A government source disclosed on Sept. 12 that two seismic activities were detected on the night of Sept. 8 and the early morning of Sept. 9, from the explosion at Kim Hyong-jik County, Yanggang Province, N. Korea. One explosen was about three times larger (appr. 3kms!! blast radius) than the Ryongchon explosion from April this year (1km radius).
According to the source, both S. Korean and Chinese earthquake monitoring stations picked up from Yanggang Province area of N. Korea, " seismic activities presumably related to two explosions, one at 11:00 pm on 09/08, and the other at 1:00 am on 09/09." Two successive explosions only 2 hours apart. That does not look like a nuklear test. According to the PR activities this points more towards a deliberate 'sabotage' to stirr up some public awareness towards some 'atomic blahblah'...
Earlier, another key government figure stated: "The incident occurred on the night of 09/08. Our government [South Korean] noticed a sign of trouble on the early morning of 09/09. That is pretty close to what happened. Before the mushroom cloud was observed on the morning of 09/09, we detected another sign of trouble."
From the NY-TIMES of 09/12/2004:
"...a series of actions by North Korea that some experts believe could indicate the country is preparing to conduct its first test explosion of a nuclear weapon.
Some analysts in agencies that were the most cautious about the Iraq findings have cautioned that they do not believe the activity detected in North Korea in the past three weeks is necessarily the harbinger of a test.
One official with access to the intelligence called it "a series of indicators of increased activity that we believe would be associated with a test,..." saying that the "likelihood" of a North Korean test had risen significantly in just the past four weeks. The activities included the movement of materials around several suspected test sites, including one near a location where intelligence agencies reported last year that conventional explosives were being tested that could compress a plutonium core and set off a nuclear explosion. But officials have not seen the classic indicators of preparations at a test site, in which cables are laid to measure an explosion in a deep test pit..."

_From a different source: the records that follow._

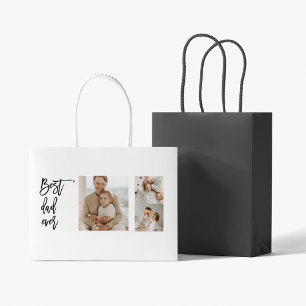 Beauty Collage Photo Best Dad Ever Gift Large Gift Bag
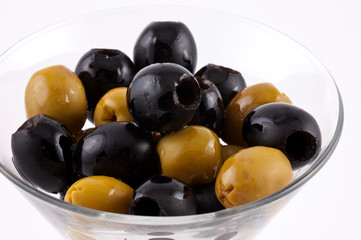 Olives in  wine glass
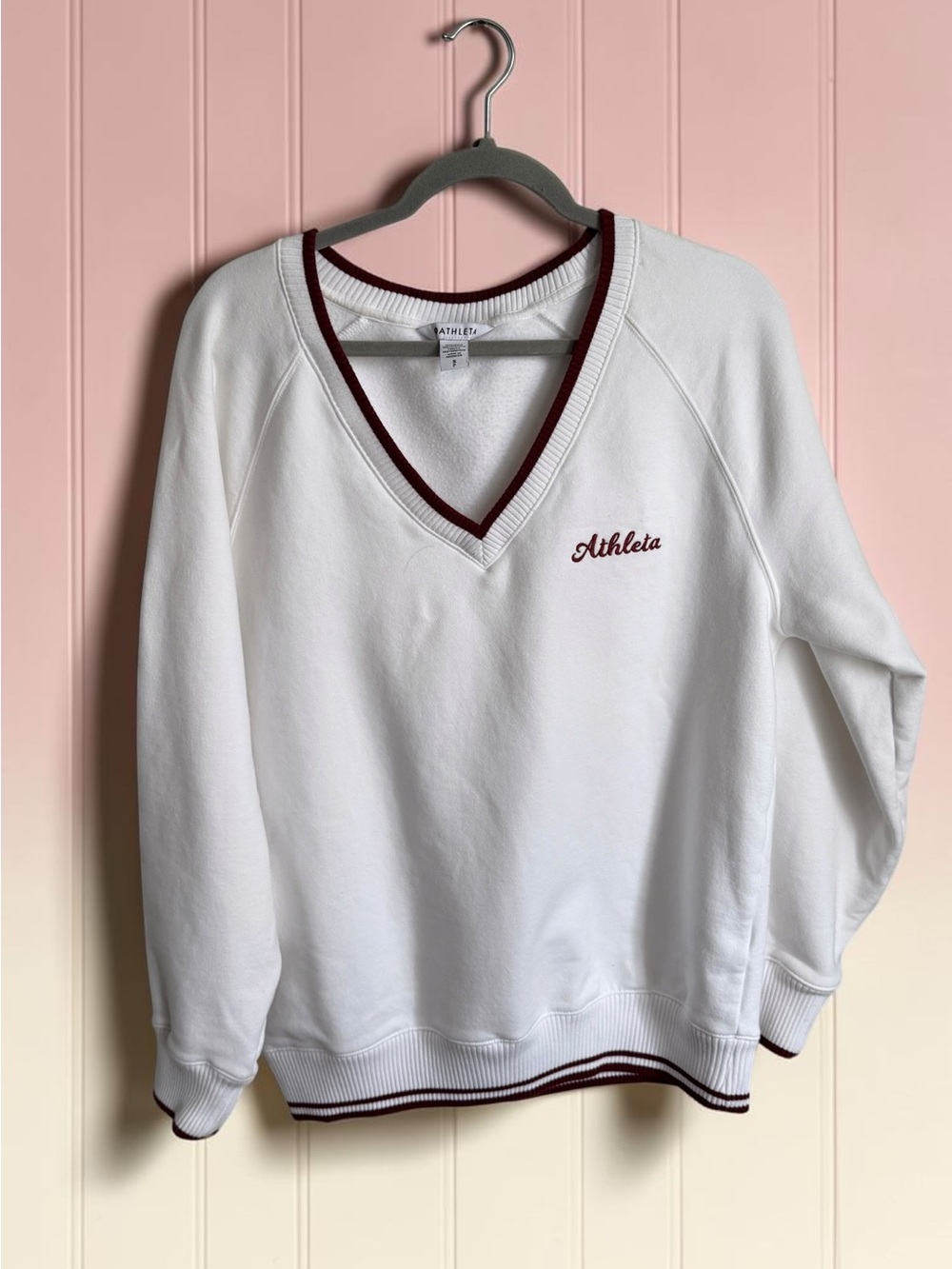 Athleta White V-Neck Sweater with Maroon Trim - Picture 3 of 10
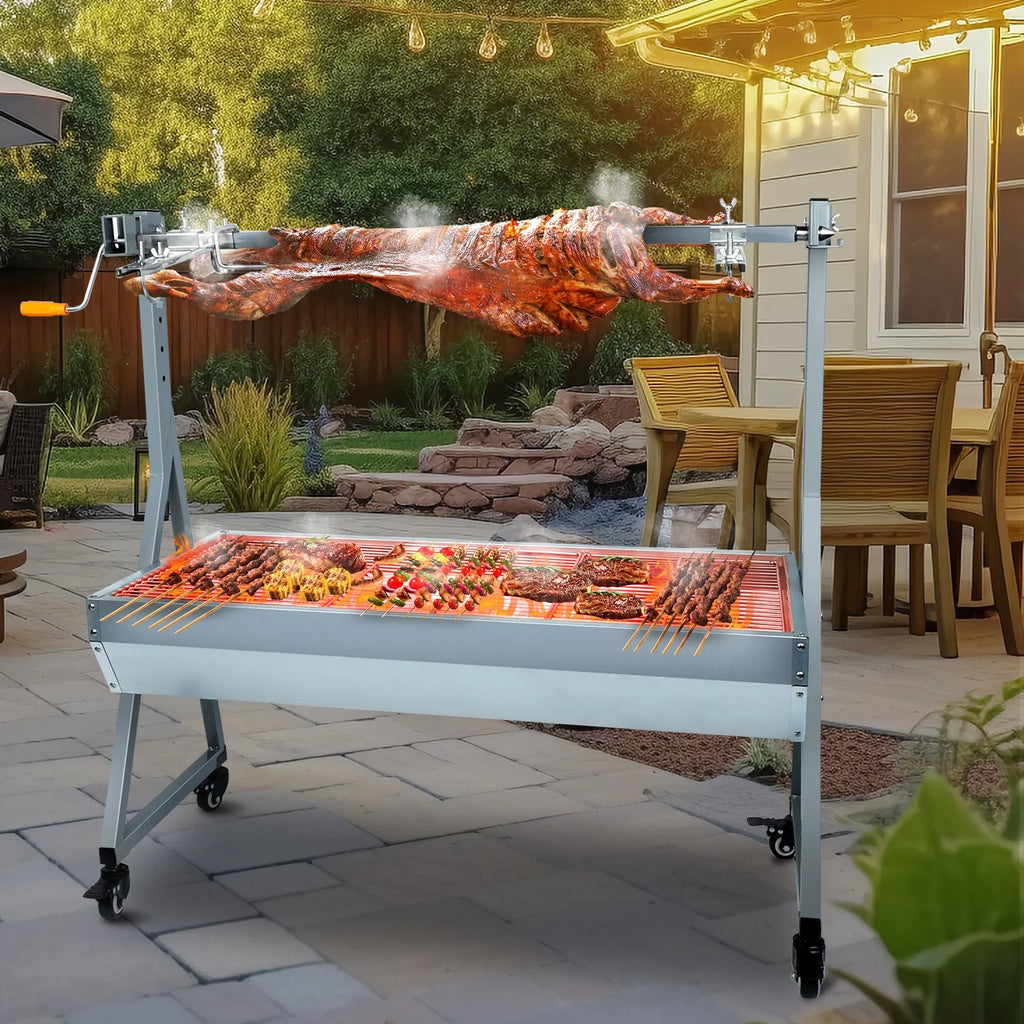 Rocita Rotisserie Grill Roaster, 132lbs Charcoal Grill Outdoor BBQ Grill Pig Lamb Spit Roaster with 25W Motor and Hand Crank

LOL, spinning and spinning....
S. Korea Acknowledges Plutonium Nuke Experiment
Thursday, September 09, 2004
SEOUL, South Korea — South Korea acknowledged Thursday that it conducted a plutonium-based nuclear experiment more than 20 years ago, shortly after it admitted to scientific tests involving uranium....
From: http://www.foxnews.com/story/0,2933,131833,00.html
Interesting timing!? Why published now??
Interesting as well that on September 9 is the 56th anniversary of North Korea's founding.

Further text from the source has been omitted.